**The problem**
No pictures belong in the copy. Set down exactly the lines from the one that contains "Full bathroom 1 image 1" through the end of the data.

**Dataset content**
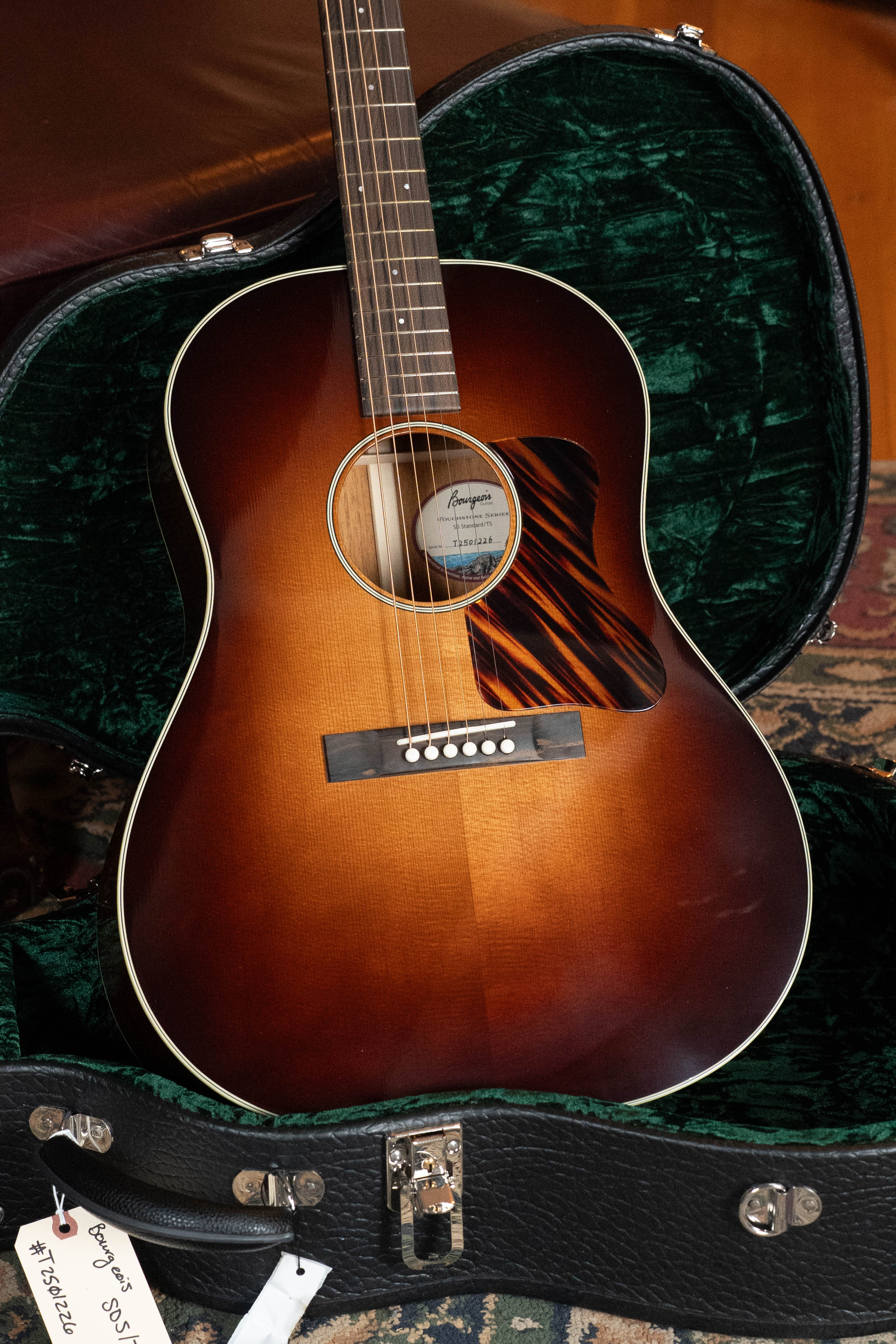 Bourgeois The Standard SDS/TS Touchstone Series Torrefied Sitka/Mahogany Slope Shoulder Sunburst Dreadnought Acoustic Guitar #1226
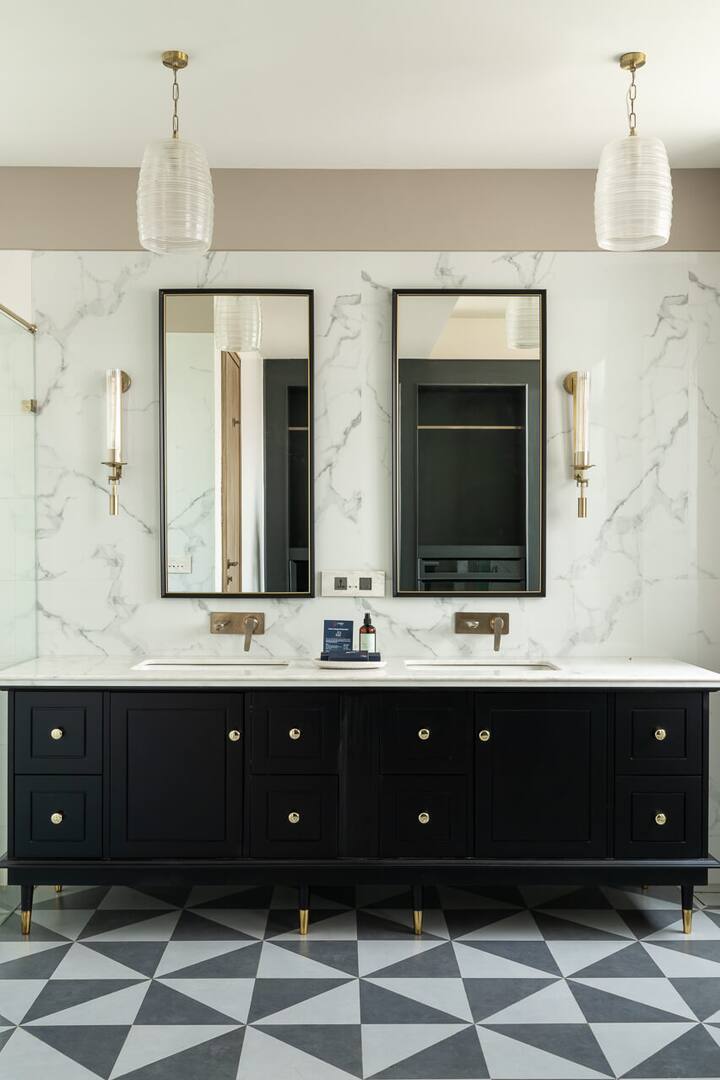 Full bathroom 1 image 1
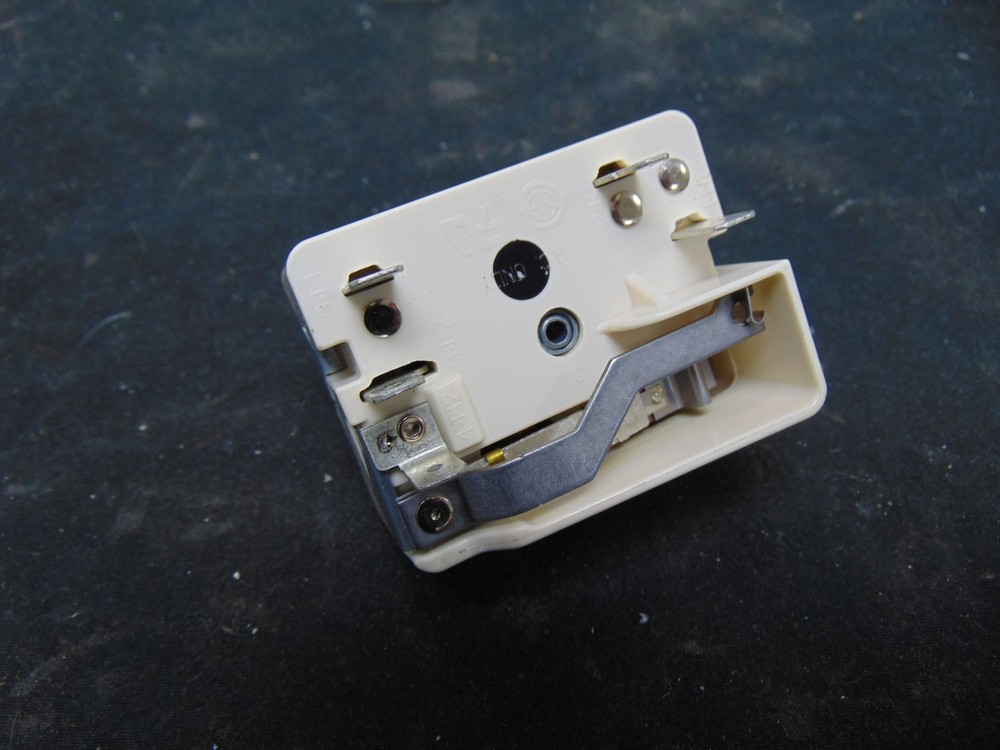 GE Electric Range JB655SK2SS Surface Element Control Switch WB24T10029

**Task result**
 Full bathroom 1 image 1
 GE Electric Range JB655SK2SS Surface Element Control Switch WB24T10029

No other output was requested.